- Housing deposit loans by P2P lenders triple since market rout
- Some property agents suspend online mortgages ahead of curbs
When Fu Songtao found his ideal home in the suburbs of Shanghai, he faced the typical problem of would-be homebuyers: Coming up with enough cash for a down payment. So Fu turned to an online solution. His property agent offered him a zero-interest loan, funded entirely online by peer-to-peer lenders, that covered almost half his deposit.
"Everybody I know took out these loans," said Fu, a 29-year-old employee of a state-owned enterprise, who borrowed 380,000 yuan ($58,000) a year ago, with interest payments to lenders subsidized by the property agent, for his 3 million yuan apartment, and has seen its value increase to 3.3 million yuan since. "If you can borrow like that, why not?"
The lending platform of his real estate agency, E-House China Holdings Ltd., is one of China’s hundreds of P2P lenders allowing home buyers to seek down-payment loans online. Total P2P borrowing for home deposits reached 924 million yuan in January, more than three times the level of last July, according to Shanghai-based data provider Yingcan Group.

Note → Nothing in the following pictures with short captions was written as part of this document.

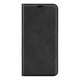 thumbnail image 2 of Magnetic Suction Leather Case For Xiaomi Redmi Note 11E, 2 of 5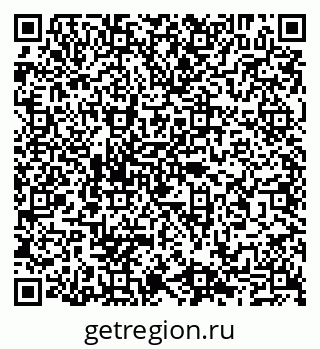 79065010318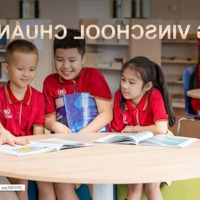 Bán Chung Cư Cao Cấp Vinhomes Thanh Hóa Bao Giá Tốt Nhất Thị Trường Liên Hệ: 0973.969.059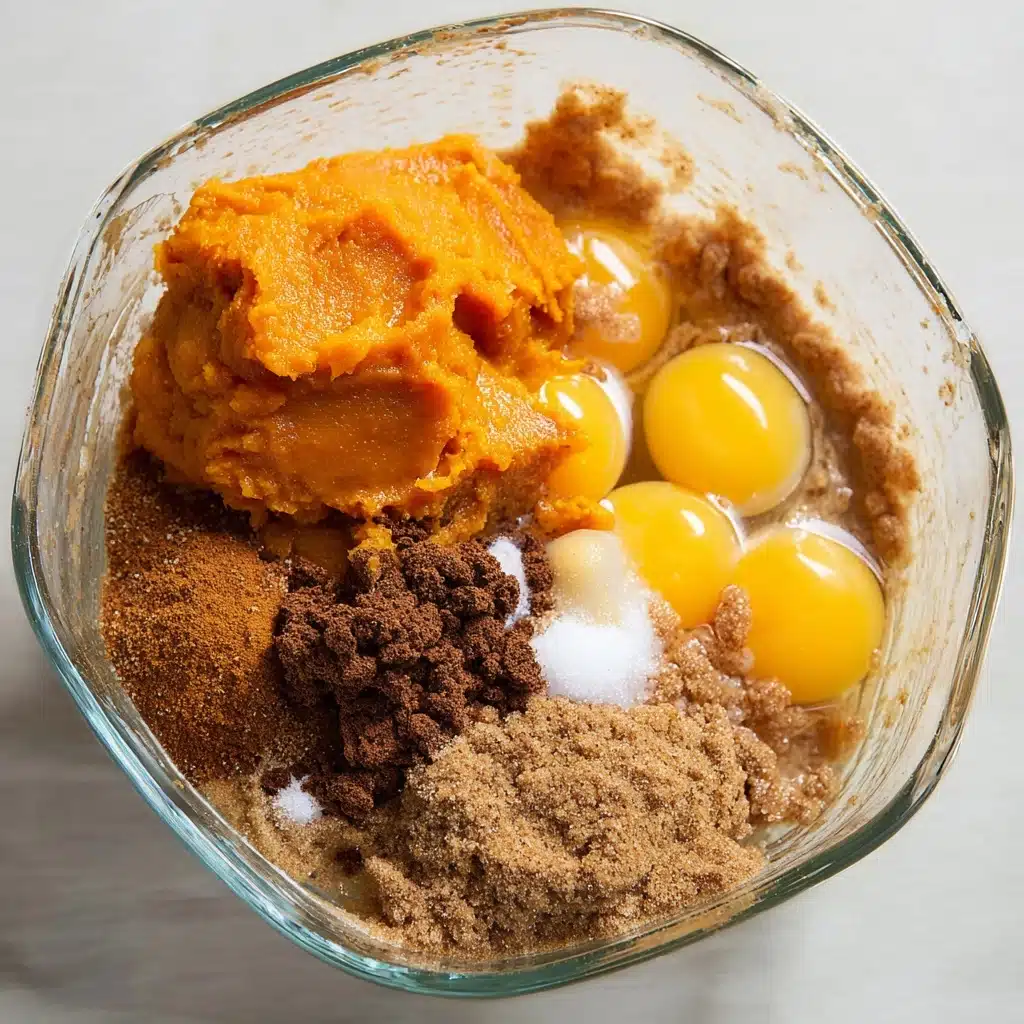 Pumpkin French Toast Recipe 4 Pumpkin French Toast Recipe - Recipe Image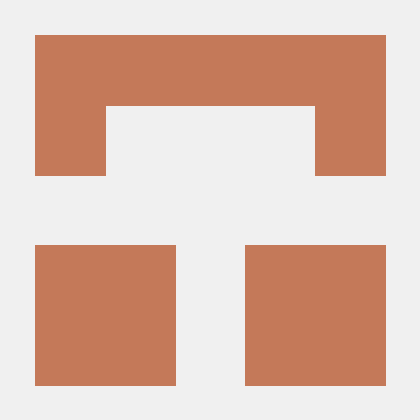 Pitmac Jhon David Pita Macias Github - Best Geometric Pictures in 4K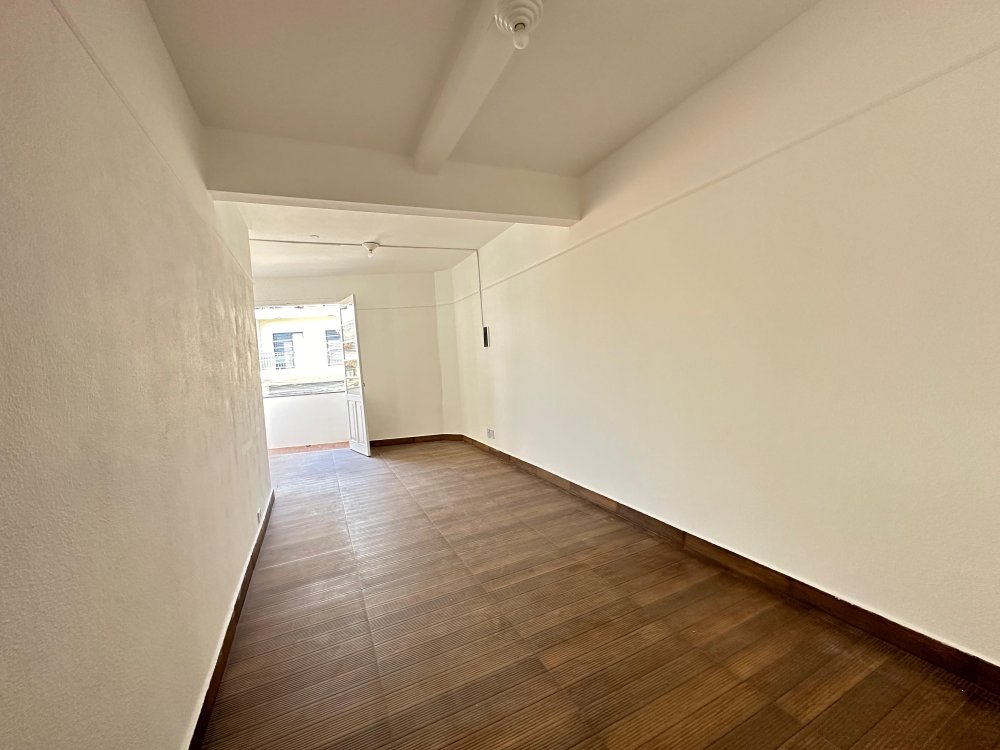 Apartamento, 2 quartos, 85 m² - Foto 8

Lending for property down payments, a phenomenon all but unheard of a year ago, has now prompted plans by the government to halt such borrowing. The response underscores the stakes as shadow-banking leverage creeps into China’s housing market -- a development similar to the margin financing that fueled last year’s stock market bubble, but with potentially more damaging consequences.
“Down-payment financing would definitely cause risks to the financial system, similar to the subprime crisis in the U.S.," said Hu Xingdou, an economics professor at the Beijing Institute of Technology. "China has learned a lesson from the U.S. subprime crisis. The Chinese government understands that they have to solve problems like housing and overcapacity. At the same time, they can’t bring further risks to the financial system, as the banks already have a lot of bad debt.”

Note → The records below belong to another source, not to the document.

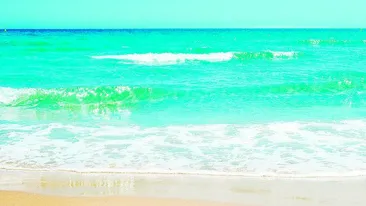 Afla ce cuceriri vei face in vacanta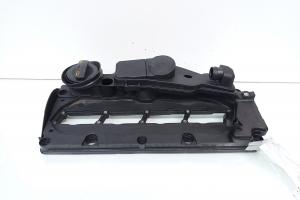 Capac culbutori, cod 03L103469A, Seat Exeo (3R2) 2.0 TDI, CAG (idi:664039) din dezmembrari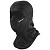 Scott Подшлемник-маска WIND WARRIOR HOOD-16 black в Чебоксарах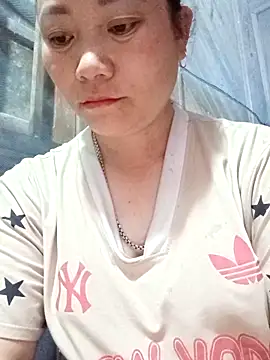 Lindxx-hot online show from April 2026 09:51:01 PM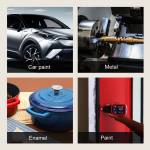 uni t-ut343d-digital-fe-nfe-metal-car-coating-thickness-gauge-meter-8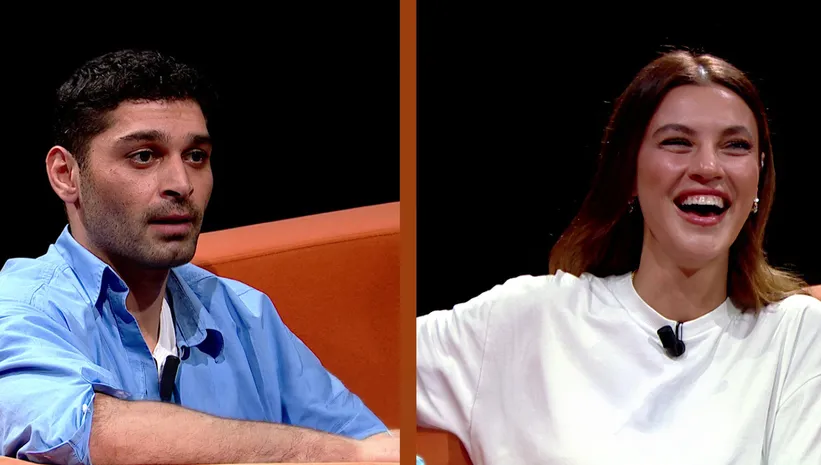 dizi-tv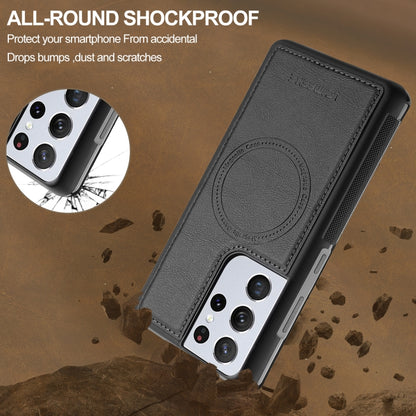 EDA007363808B_1.jpg@df2c7acaf67db168d2c43747f2865aee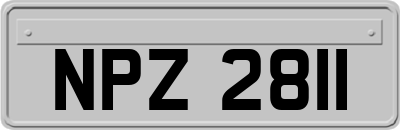 NPZ2811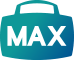 Max Sales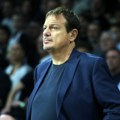 Ataman: U ovoj atmosferi im je lako da igraju brzo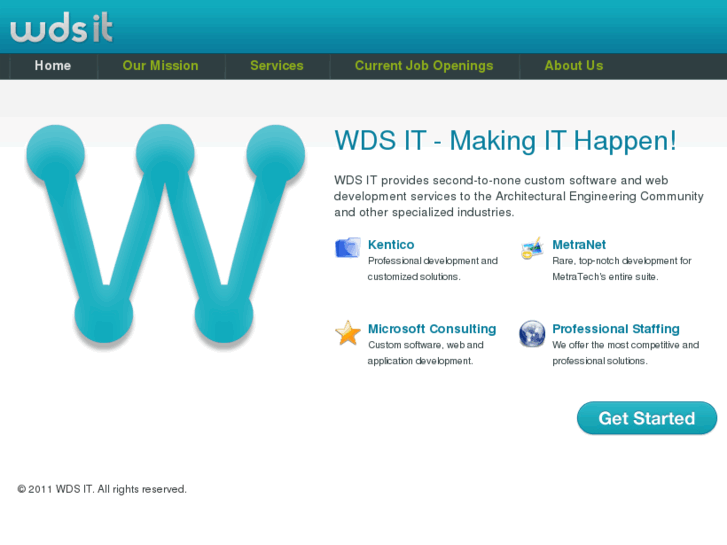 www.wds-it.com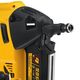 Насадка немагнітна для DCN890 DeWALT (DCN8903), фото , зображення 3 | SNABZHENIE.com.ua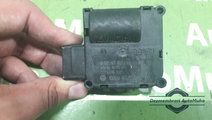 Motoras aeroterma Audi A6 (2004-2011) [4F2, C6] 01...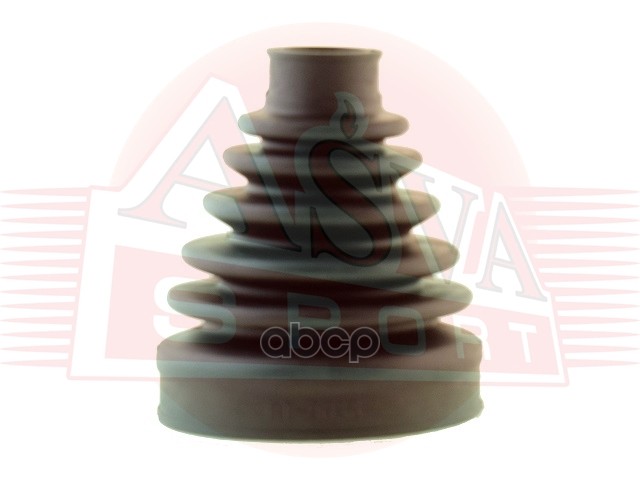 

Пыльник Шруса (Комплект Без Смазки) Asbt-Incrz Nsii0007164497 ASVA арт. ASBTINCRZ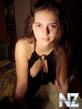 8NutU8RNZ2M.jpg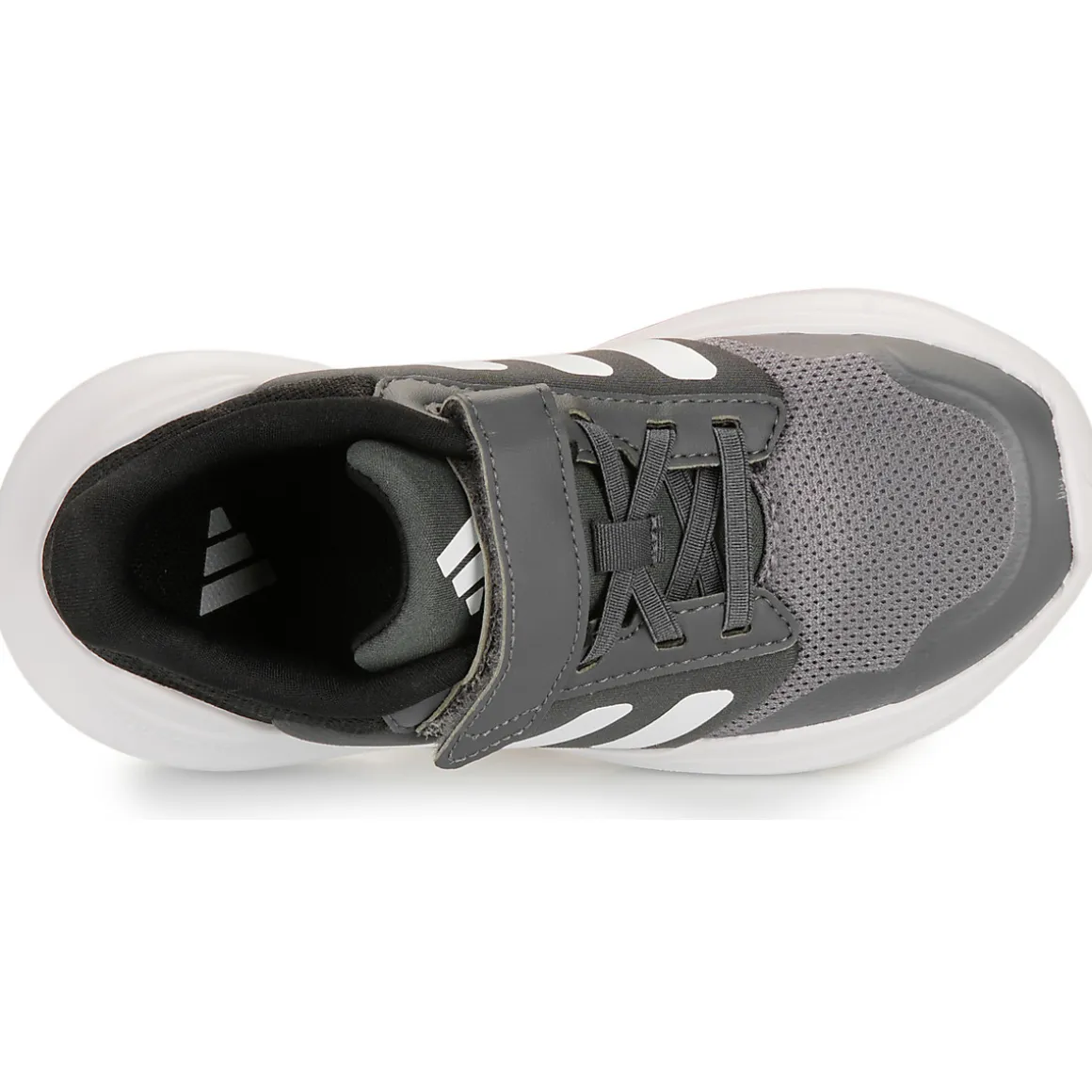 Adidas Sportswear - Tensaur Run 3.0 EL C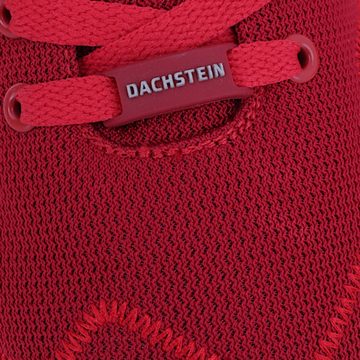 Dachstein Skylite Sneaker Mesh, Vibram Aero Lite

People’s Bank of China Deputy Governor Pan Gongsheng said at a press conference on Saturday that down-payment loans offered by developers, real estate agents, and P2P lenders not only raised leverage of home buyers, they also undermined effectiveness of macroeconomic policies and increased risks to the financial system and property markets. The central bank together with other government departments will soon start a campaign to clean up such activities, he said.
New rules being drafted by the central bank, the China Banking Regulatory Commission and other bodies would bar developers, peer-to-peer networks and other non-banks from offering down-payment loans, people familiar with the matter said last week. Banks would be required to scrutinize mortgage applications and reject those with deposits funded by loans, the people said. First-home buyers in most Chinese cities are required to put down a minimum deposit equivalent to 20 percent of the value of their home.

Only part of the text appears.